* _Task goal_: Reproduce the lines below exactly, from the one containing "SSL-verschlüsselt, sichere Datenübertragung" through the one containing "Classic Platinum Leather", both included. Leave out any pictures.

* _Input_:

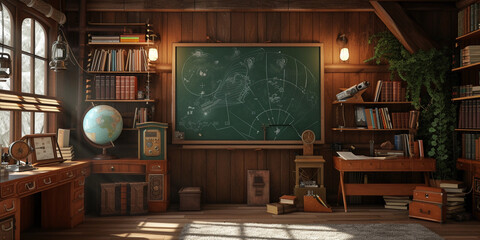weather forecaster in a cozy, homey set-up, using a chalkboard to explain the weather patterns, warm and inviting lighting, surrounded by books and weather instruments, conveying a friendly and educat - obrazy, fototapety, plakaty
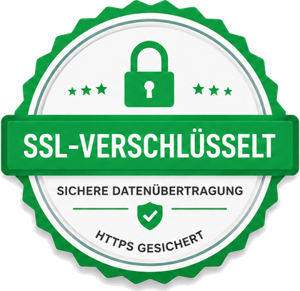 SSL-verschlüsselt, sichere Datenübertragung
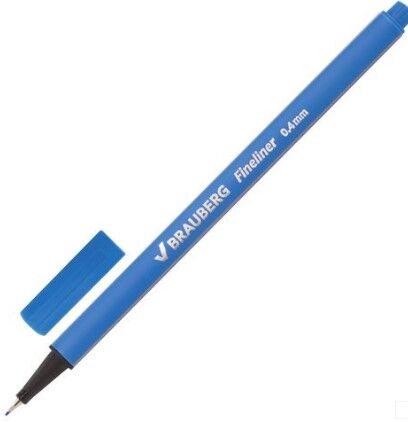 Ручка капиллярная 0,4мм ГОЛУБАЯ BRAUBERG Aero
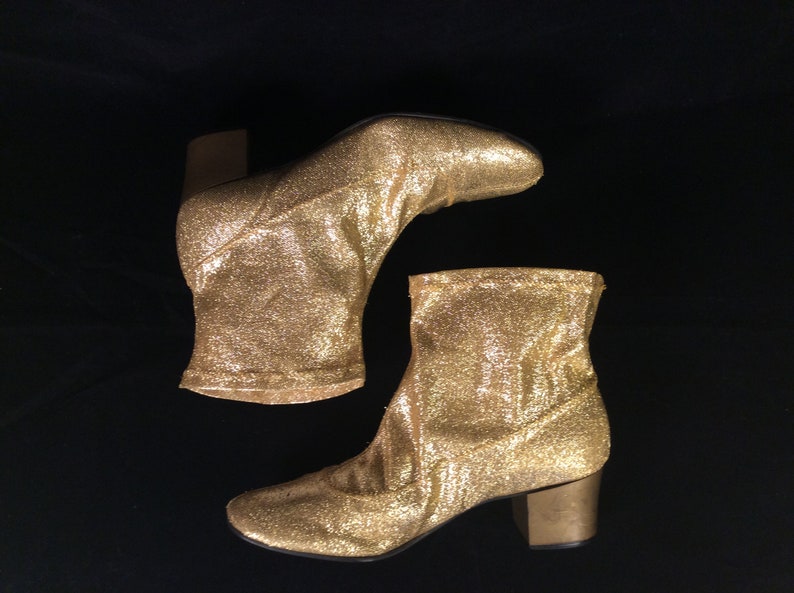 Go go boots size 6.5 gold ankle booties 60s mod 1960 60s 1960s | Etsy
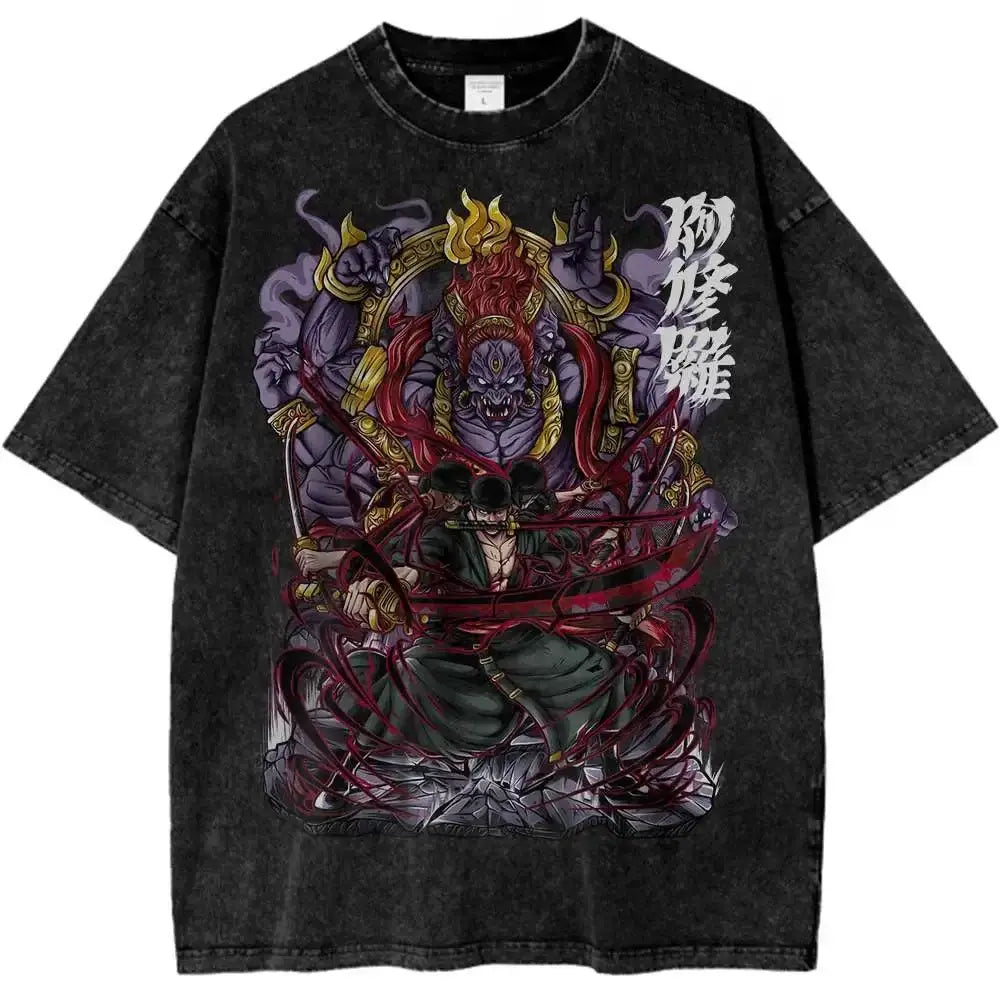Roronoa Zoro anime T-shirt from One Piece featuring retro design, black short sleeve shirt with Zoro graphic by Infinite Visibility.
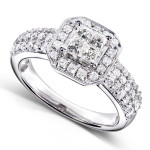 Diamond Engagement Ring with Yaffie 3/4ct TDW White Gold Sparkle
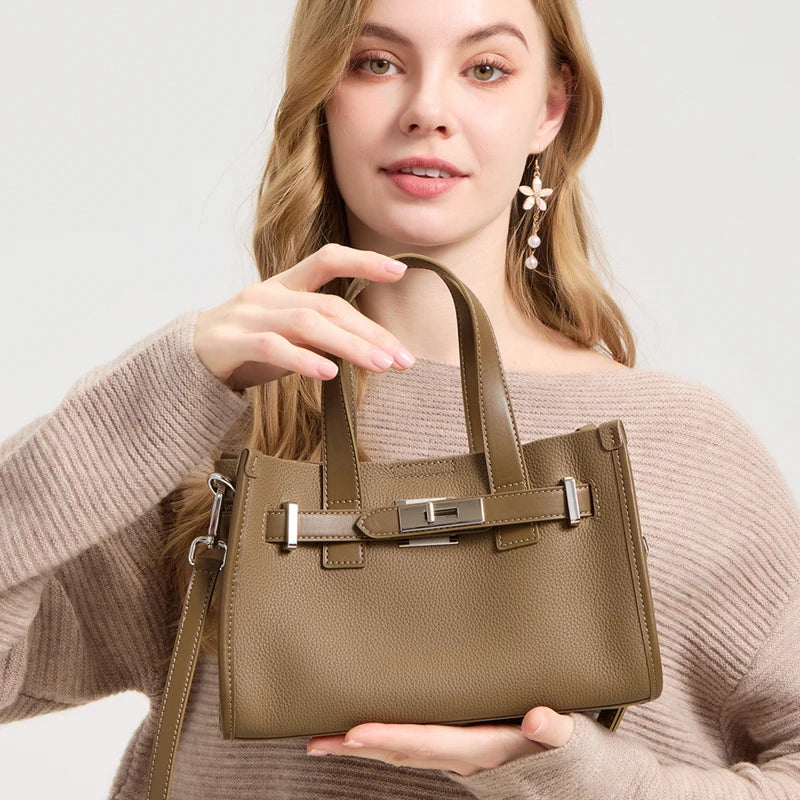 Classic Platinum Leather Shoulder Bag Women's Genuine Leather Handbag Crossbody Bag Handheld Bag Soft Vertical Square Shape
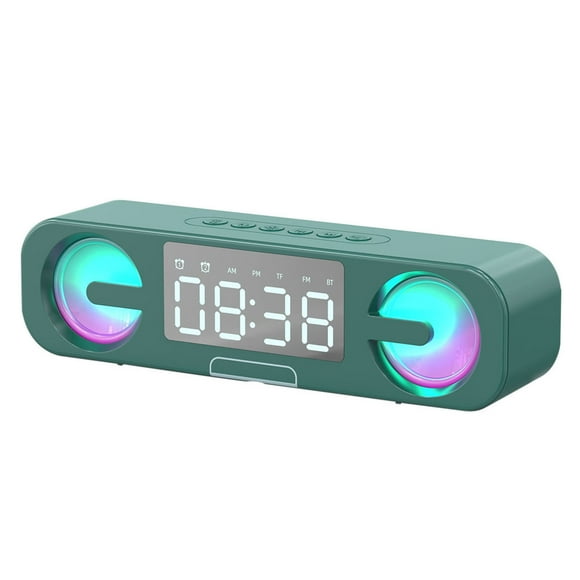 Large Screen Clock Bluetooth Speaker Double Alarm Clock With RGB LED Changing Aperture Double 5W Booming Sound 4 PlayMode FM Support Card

* _The completed task_:
 SSL-verschlüsselt, sichere Datenübertragung
 Ручка капиллярная 0,4мм ГОЛУБАЯ BRAUBERG Aero
 Go go boots size 6.5 gold ankle booties 60s mod 1960 60s 1960s | Etsy
Roronoa Zoro anime T-shirt from One Piece featuring retro design, black short sleeve shirt with Zoro graphic by Infinite Visibility.
 Diamond Engagement Ring with Yaffie 3/4ct TDW White Gold Sparkle
 Classic Platinum Leather Shoulder Bag Women's Genuine Leather Handbag Crossbody Bag Handheld Bag Soft Vertical Square Shape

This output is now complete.